Friday, December 11, 2009
Job Cuts, Furloughs Possible at UNM
By Martin Salazar
Journal Staff Writer
University of New Mexico President David Schmidly on Thursday raised the prospect of ordering mandatory furloughs and eliminating administrative positions, some of which he created.
While UNM has figured out how to offset recent budget cuts, it faces even more in the new budget year that starts in July, Schmidly said during a regents' Finance and Facilities Committee meeting.
"We must build a new model that will change the way we work, but not the quality of the work we do," he said.
Regents had some ideas of their own, including reducing the number of vice president-level positions which now stands at 21 and doing without a $120,000 national search for a new UNM Foundation president.
Schmidly said UNM will also consider ways to restructure and streamline the administration. He also said he's considering mandatory furloughs in case future cuts are too deep to avoid them.
He called for elimination of all hiring for administrative and staff positions except those critical to UNM's mission, continuing last year's hiring freeze.
The freeze does not apply to faculty. In fact, Schmidly pointed out that 73 faculty positions have been filled over the last two fiscal years.

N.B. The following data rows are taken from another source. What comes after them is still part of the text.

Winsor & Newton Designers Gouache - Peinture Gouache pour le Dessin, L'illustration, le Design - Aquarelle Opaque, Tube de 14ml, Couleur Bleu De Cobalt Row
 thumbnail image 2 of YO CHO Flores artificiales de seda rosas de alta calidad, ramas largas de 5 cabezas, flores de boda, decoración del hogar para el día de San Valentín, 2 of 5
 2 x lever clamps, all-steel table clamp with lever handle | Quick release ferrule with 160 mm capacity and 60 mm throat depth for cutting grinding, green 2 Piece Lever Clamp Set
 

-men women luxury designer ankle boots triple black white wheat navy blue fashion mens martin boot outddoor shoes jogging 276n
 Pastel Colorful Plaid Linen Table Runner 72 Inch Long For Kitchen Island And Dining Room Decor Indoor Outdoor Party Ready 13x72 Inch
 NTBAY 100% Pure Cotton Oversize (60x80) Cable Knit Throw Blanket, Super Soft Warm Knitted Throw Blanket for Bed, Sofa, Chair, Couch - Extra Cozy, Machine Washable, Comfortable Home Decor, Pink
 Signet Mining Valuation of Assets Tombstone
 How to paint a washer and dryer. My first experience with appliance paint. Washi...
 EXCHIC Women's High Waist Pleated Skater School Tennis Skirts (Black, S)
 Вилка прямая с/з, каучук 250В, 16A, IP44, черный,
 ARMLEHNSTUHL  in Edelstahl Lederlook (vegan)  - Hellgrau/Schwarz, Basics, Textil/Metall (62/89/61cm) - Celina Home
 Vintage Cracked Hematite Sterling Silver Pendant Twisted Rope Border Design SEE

Plummeting state revenues forced lawmakers in October to make cuts throughout state government and in public and higher education. For UNM's main campus, that means a cut of close to $8.4 million from a $200 million state appropriation.
Fall enrollment growth led to extra tuition money for UNM, and Schmidly said $3 million of that amount would go to offset recent cuts. Another $741,000 will come from reserves and $872,800 from special projects.
He also plans to use $3.7 million in stimulus funds pledged by Gov. Bill Richardson to help plug the budget hole. That's not sitting well with regent Jamie Koch, who questioned why one-time stimulus money is going toward recurring expenses. He said the move would likely leave UNM no choice but to raise tuition once the funding runs out.
While Schmidly acknowledged that UNM would have to find replacement funding once the stimulus money is gone, he said it wouldn't necessarily come from a tuition increase.
Koch also urged Schmidly to save money by not replacing highly paid administrators, such as outgoing UNM Foundation President John Stropp.
Stropp, who earns $325,000 a year, plans to retire in about six months, and the foundation is planning a national search for his replacement.
Though the foundation, UNM's fundraising arm, is now an independent entity, UNM gives it money.
Regents earlier this year also agreed to allow the foundation to take a larger share of endowment revenues to help balance its budget.
Koch said Thursday that a national search for Stropp's position would cost $120,000. He pointed out that regents were told when Stropp was hired that Michael Kingan, a senior vice president at the foundation, would be groomed to take over when Stropp left.
Koch said UNM should recommend that the foundation not fill Stropp's position.
University Counsel Patrick Apodaca has also announced plans to leave, and Koch recommended that the position be filled internally.
Koch said that UNM has 21 vice presidents, and he suggested that it begin consolidating administrative posts as people in those jobs leave.
Regent Gene Gallegos asked Schmidly for examples of ways he could restructure and streamline the administrative organization.
Schmidly said that, when UNM's vice president of branch operations resigned in June to take another job, the position wasn't filled. He said that position one of several VP posts created by Schmidly when he arrived at UNM would be a prime position to eliminate. He said there have also been discussions about how to handle Apodaca's position.